Loading
Search
▼ Japan Warns Of Appropriate Action Any Time Against Rapid Yen Moves
- Category:Other
Japan stands ready to take appropriate steps against volatile yen moves at "any time," a senior finance ministry official said Monday, as the currency neared the 160 line against the U.S. dollar, a level at which authorities have previously intervened to slow the yen's decline.
At 3 p.m., the dollar fetched 159.70-73 yen compared with 159.81-91 yen in New York and 158.76-79 yen in Tokyo at 5 p.m. Friday.

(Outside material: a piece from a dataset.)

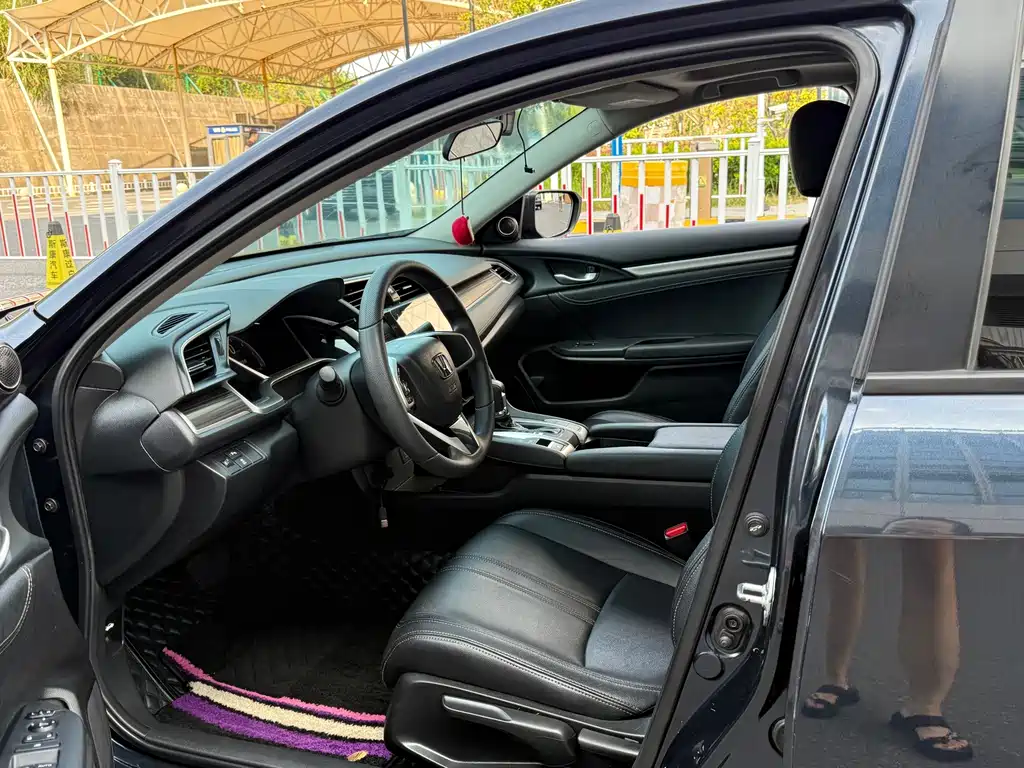 Honda Civic — миниатюра 7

Masato Kanda, the country's top currency diplomat, expressed concern about the negative impact of rapid yen fluctuations on the economy, at a time of market caution that another round of yen-buying, dollar-selling operations may come.

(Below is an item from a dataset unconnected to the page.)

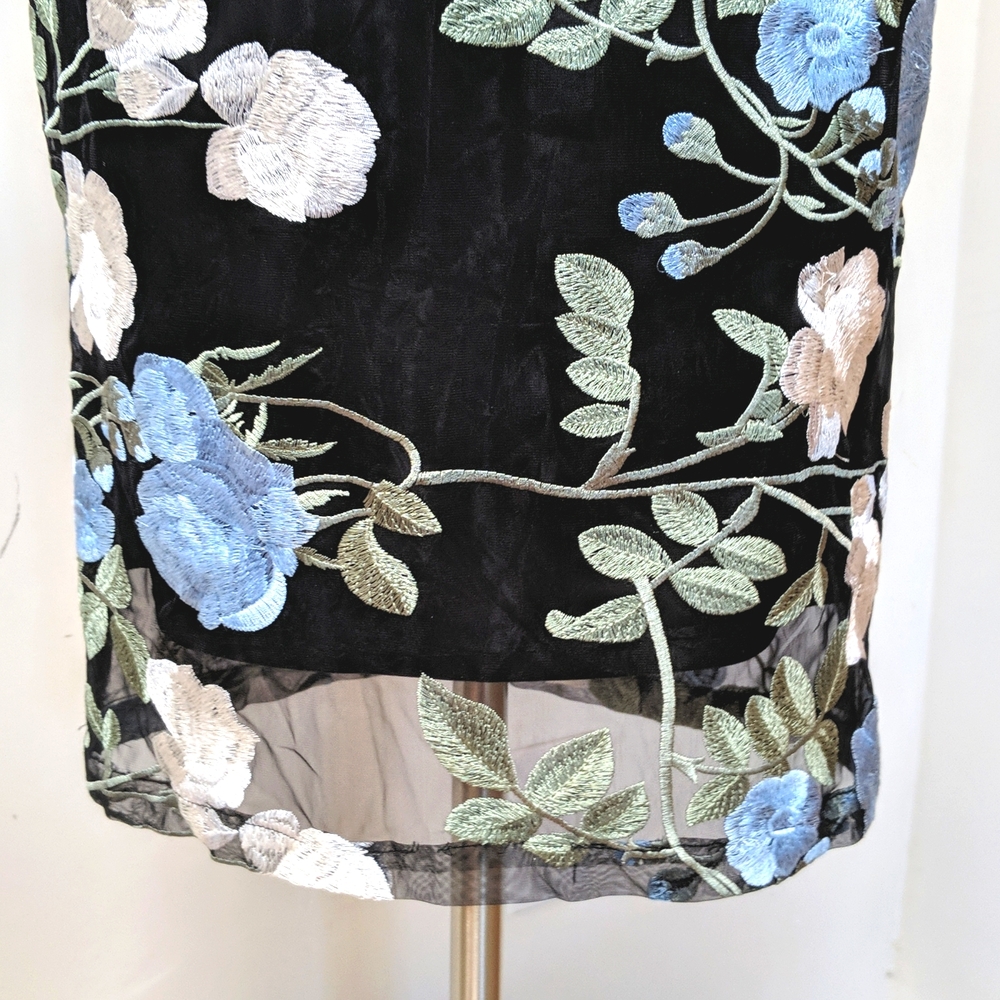 Calvin Klein Embroidered Dress - Picture 4 of 11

The Bank of Japan is also keeping tabs on how the yen's recent weakness impacts inflation. Some board members touched on the need for the central bank to consider raising interest rates amid the prospect of accelerating inflation, according to a summary of opinions expressed at its June 13-14 policy-setting meeting.

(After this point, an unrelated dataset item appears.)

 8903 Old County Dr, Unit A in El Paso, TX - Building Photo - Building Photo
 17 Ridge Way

"Excessive fluctuations negatively affect the economy. We are ready to take appropriate action at any time," Kanda, vice finance minister for international affairs, told reporters.
Last week, the United States put Japan back on its currency manipulator watch list, though Japanese officials have said the designation does not mean Washington takes issue with Tokyo's foreign exchange policy.
The wide interest rate differential between Japan and the United States has caused the yen to stay weak. Japan relies heavily on overseas energy and raw materials, and a weak yen inflates import costs.
The currency's weakness persists despite the BOJ moving to whittle down monetary stimulus, with its first rate hike in 17 years in March and a recent decision to reduce government bond buying, a factor analysts say could prompt yen-buying.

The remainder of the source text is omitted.